Even if we look at the tops of the slides they look pretty much the same. Colt went with Ellison Sights in 66, replacing the Accros they had used from 57-65.



Now turn the slides over and the guts of these guys are quite different. The 66 had a lighted slide, and I dropped a penny in there and the 79 slide to show the difference. You can also see the extractor in the 66. Of course since Colt introduced the Series 80 mechanical firing pin block in 83, the slide of the 88 has the plunger associated with that.



And how light were the early slides. The slide with extractor, firing pin, etc, but no barrel or recoil sping assembly weighs 11.89 oz in the 66 and 13.54 oz for the 79. The 88 weighs the same as the 79.


----------



## dakota1911 (Jun 9, 2015)

One major change to Gold Cups was stainless steel (SS). Colt introduced SS in 84, but the earliest GCNM in SS I am aware of is 86. Below is my blue 88 with a SS also made in 88. The SS came with rubber wrap around grips which I replaced for some wood stocks from the old Ajax Co.

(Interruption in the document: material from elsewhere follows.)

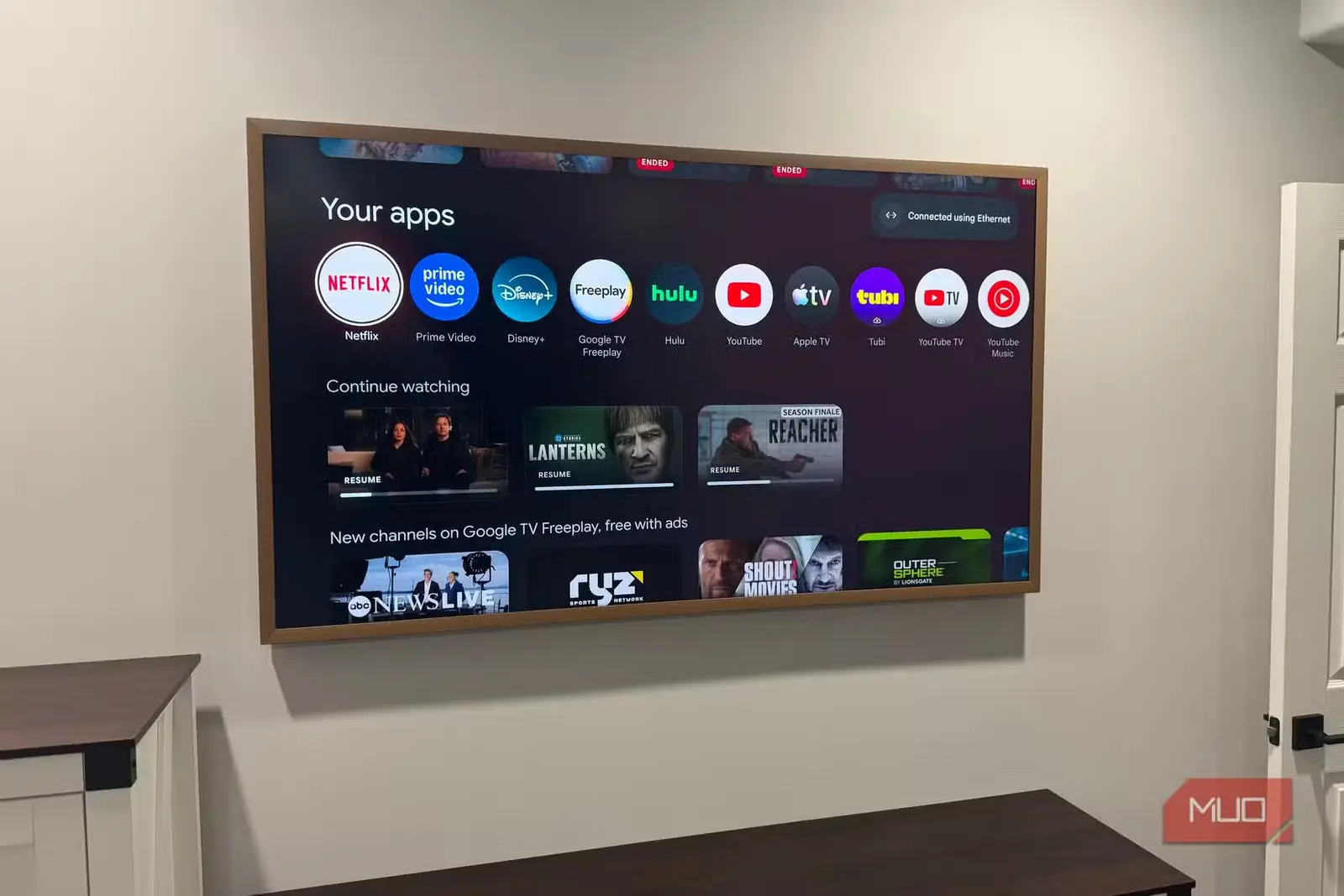 برنامههای صفحهٔ اصلی Google TV در تلویزیون Hisense Canvas TV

These both still use the collet or finger barrel bushing which Colt introduced in 1970 in their MkIV Government and Gold Cup pistols. I think the last year for it was 88-89. A picture of the barrel and bushing from the 66 on the left then the barrel and bushing to the a 79 then the barrel and bushing to a 2012. The 66 also had a special tapered plug that went with the bushing. From 1970 on a regular recoil spring plug was used.


----------



## dakota1911 (Jun 9, 2015)

In the early 90s things started to change for the Gold Cup. Below a 96, 2010, and a 2012. These all came with rubber wrap grips witch I replaced with wood stocks I ordered off the Colt website, back when Colt sold them on their website.



The first one of interest is the 1996 Gold Cup National Match Mark IV Series 80 Enhanced. The Enhanced versions were introduced in 92-93 I think. The cocking serrations were moved back, the trigger guard was undercut and a different hammer and grip safety was used. Here what is often called a "duck bill" grip safety. The grooves on the front of the frame were gone. In the picture below I replaced the rubber wrap around grips with some wood stocks from Raasco. Also 96 was the last year for the steel trigger and the last time GCNM would be on a Colt for some time.



Then in 1997 the Gold Cup Trophy was introduced. Know them by the wide Aluminum trigger. They also maintained a couple features of the enhanced version, like the hammer and grip safety. Again, rubber wrap around grips replaced by some off the Colt website. For a couple years the SS and blued ones both had flat tops, but then the SS went to the rounded top and Bomar style rear sight which remains till this day. Over time the SS one got a "duckbill" grip safety. The blue one carried on. Below my 2010 and Colt made this into 2011 or even maybe 2012 when the new GCNM was introduced.



Then in 2012 thek GCNM was back, looking pretty much like a GCT but blued with a different hammer and grip safety. They also came with rubber wrap around grips which I replaced for some in Cherrywood from the old Ajax Co. in this picture.



Now GCNMs did come back in a couple of Talo/Colt limited editions, but 2012 was the first year for main production. Of course about 2013 Colt started grooving the front of the frame again and putting on wood grips. This year of course they introduced the new Series 70 GCNM with a slightly flat top, but I don't have one of those yet.


----------



## dakota1911 (Jun 9, 2015)

Colt also had what I like to call sub species and special editions of the Gold Cups. Talo has done a couple special edition limited runs and is doing a couple now.

Colt still makes the 10mm Delta Elite, but years ago they made the Delta Gold Cup. They started in 1987 I think and lasted into 96 to 97? with models after about 92 being Enhanced versions. Mine was made in 1990 and I changed out the rubber wrap around grips for some wood stocks from Raasco. Colt was still grooving the front of the frame back then.



By the way they did make this for one year in blue, which was 1987. I think.

In the 1990s Colt seemed to make a million and one special editions and limited runs and some were Gold Cups. One I have is a Gold Cup Commander which Colt says was made in 91 or 92. I am in the process of having it lettered by Colt. Even with these there were several different variants of them. There were also full size in 38 Super and 9mm Gold Cups and on and on.



One interesting thing was the return of the Accro rear sight. Colt had stopped using it in 1965 on Gold Cups, but brought it back on all the Delta Gold Cups, or at least all I have seen. Below is a picture I took for another thread. Ignore the pistol on the left. It is an old AMT Hardballer. The one in the middle is a 1988 GCNM with an Elliason and the one on the right is the 1990 Delta Gold Cup with an Accro or very close copy of one.


----------